Enhancing Lithofacies Interpretation in Well Logs With Graph-Based Feature Extraction

Subsurface lithology identification from well log signals is a crucial step in geological exploration, providing essential information about rock formation properties and fluid flow. Accurate identification of lithofacies aids in reservoir characterization and hydrocarbon exploration. This letter presents a novel approach for lithofacies identification from well logs using graph-based feature extraction and classification. The existing instance-based methods ignore the sequential information in well log signals, which can provide valuable insights about the local lithology. The proposed approach treats each instance in a temporal sequence as a node in a graph that captures the local geological information by aggregating temporally neighborhood nodes to create an embedded feature space.

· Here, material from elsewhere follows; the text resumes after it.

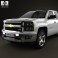Chevrolet Silverado Extended Cab Z71 2014 3d model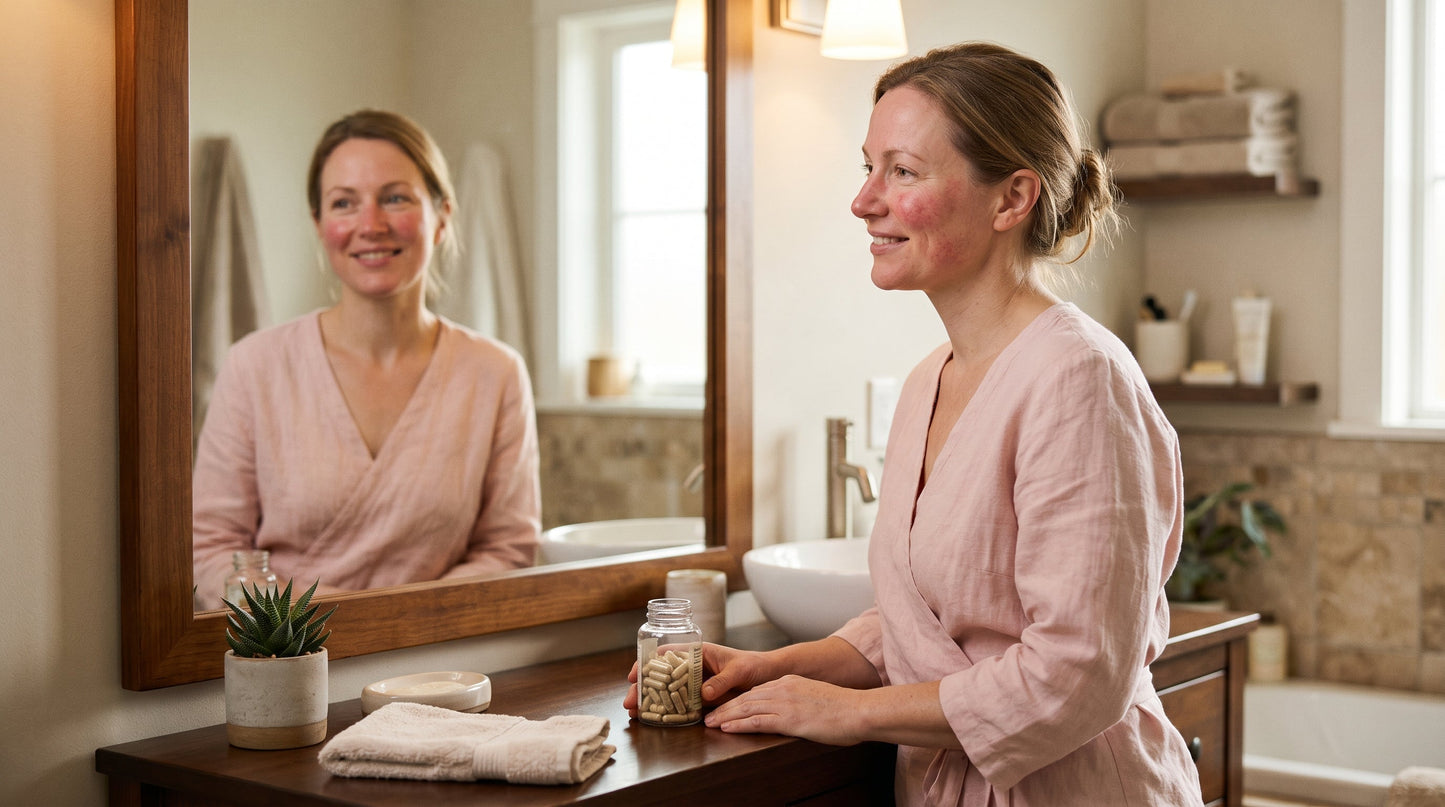 Rosacea and Gut Health: The Probiotic Connection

Two separate aggregating schemes are proposed, one using a spatial kernel approach and the other using an attention-based network layer, to find the nonlinear relationship between the feature vectors and give more weights to the nearest vectors in the feature space. The graph structure allows the network to incorporate spatial and relational information between different well log features into the classification process, leading to improved accuracy of predictions. The experiment is run on real-world data from the oil and gas exploration field at Krishna-Godavari (KG) Basin, India. The proposed method outperforms traditional feature-based classification and provides a unique way to enhance the representation of the well log signals for lithofacies classification tasks.